• **GIVEN INFORMATION**
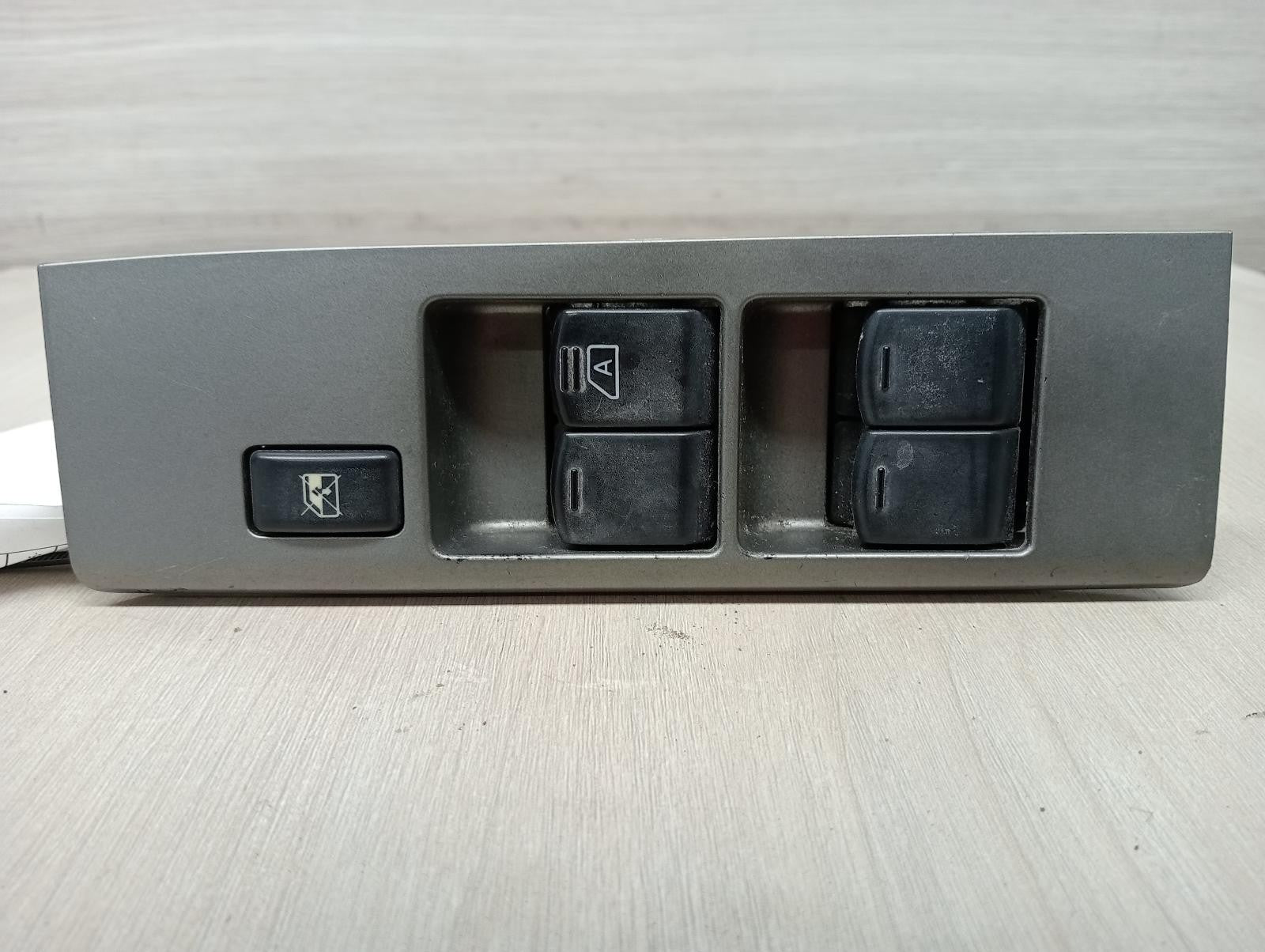 8943821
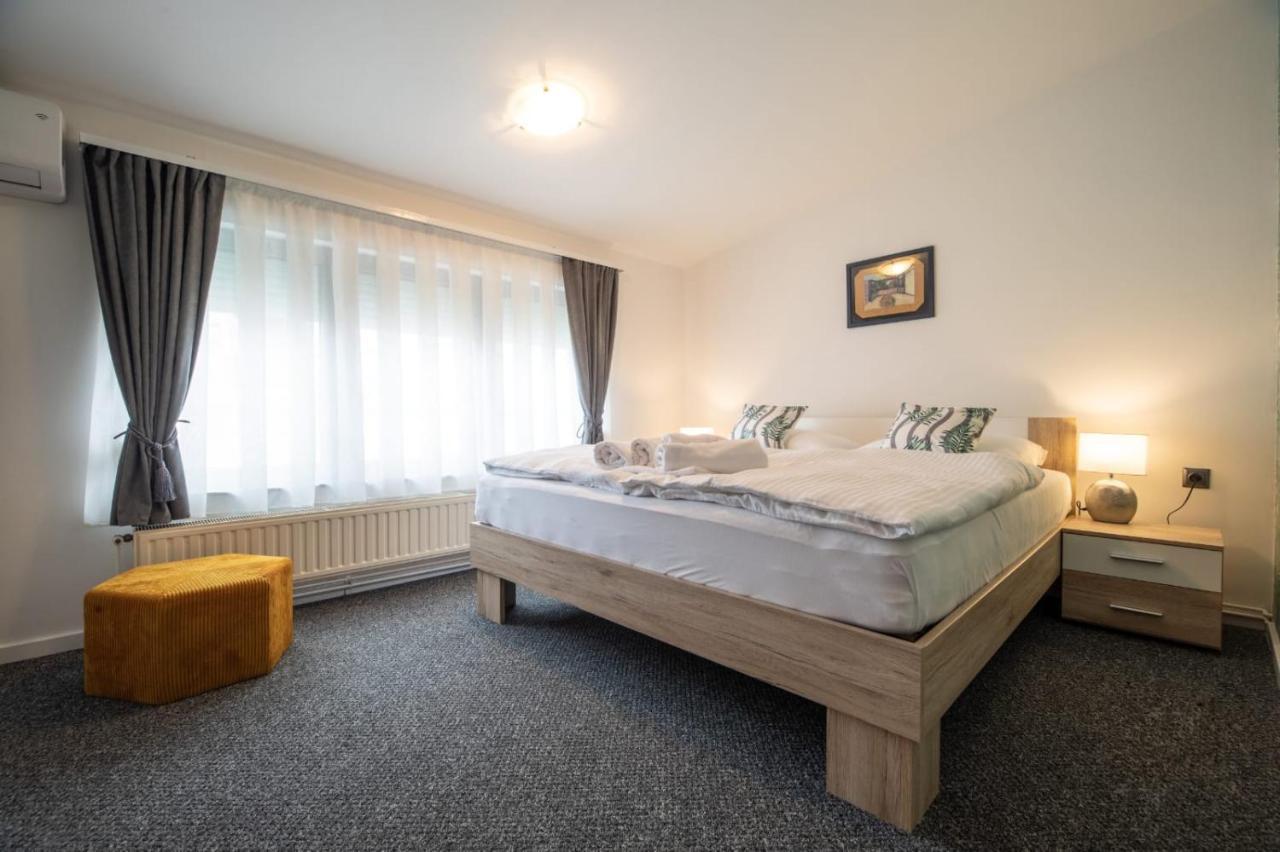 Four Roses Bed & Breakfast Zagreb Eksteriør bilde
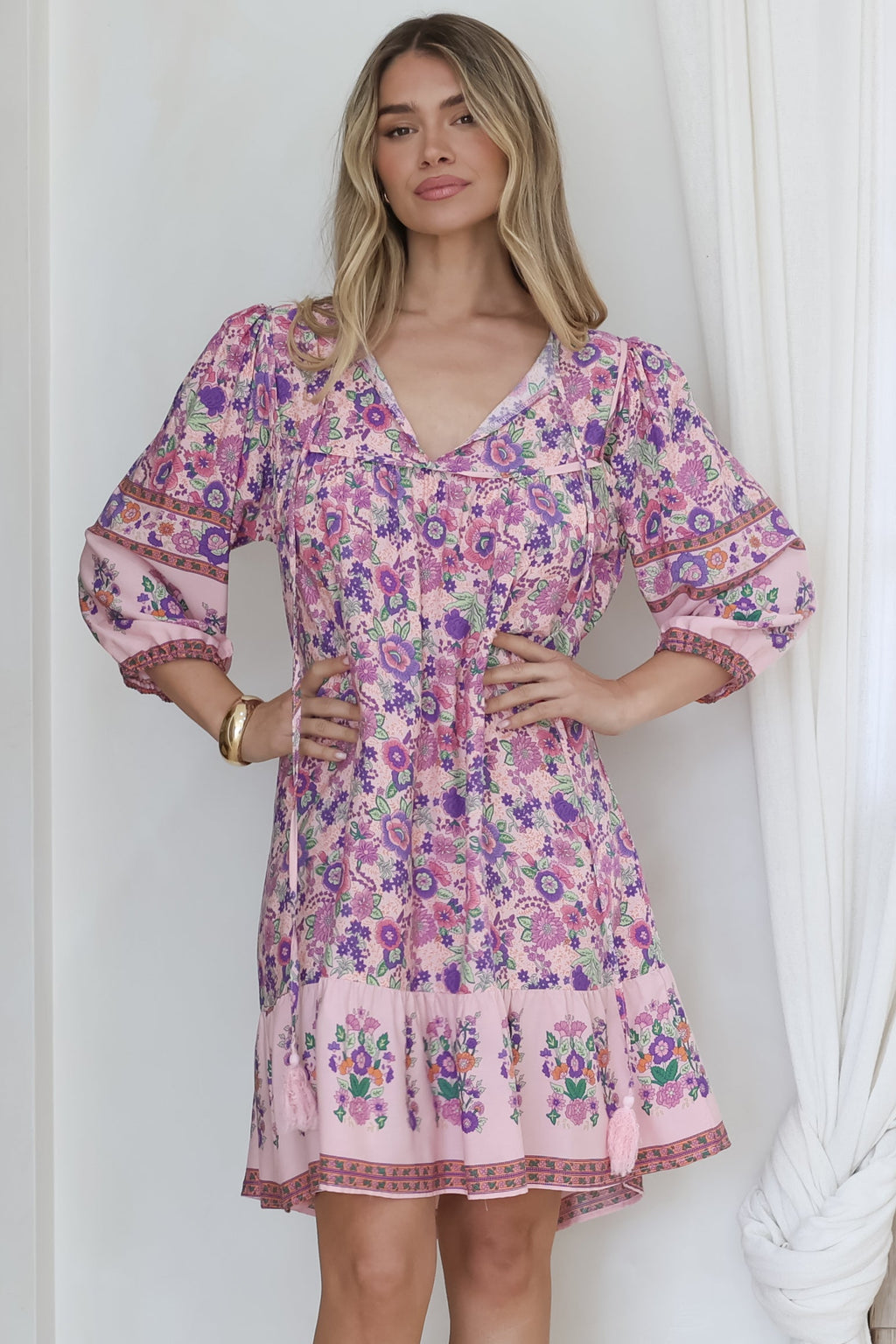 Helda Mini Dress - V-Neck Shift Dress with Balloon Sleeves in Aletta Print Pink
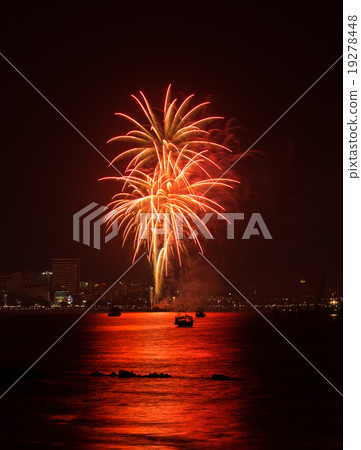 Pattaya International Fireworks Festival 19278448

• **PROBLEM REQUIREMENTS**
Copy out exactly the lines from the one with "Four Roses Bed" through the end of the listing, both ends included, omitting any picture.

• **RESPONSE TO THIS TASK**
 Four Roses Bed & Breakfast Zagreb Eksteriør bilde
 Helda Mini Dress - V-Neck Shift Dress with Balloon Sleeves in Aletta Print Pink
 Pattaya International Fireworks Festival 19278448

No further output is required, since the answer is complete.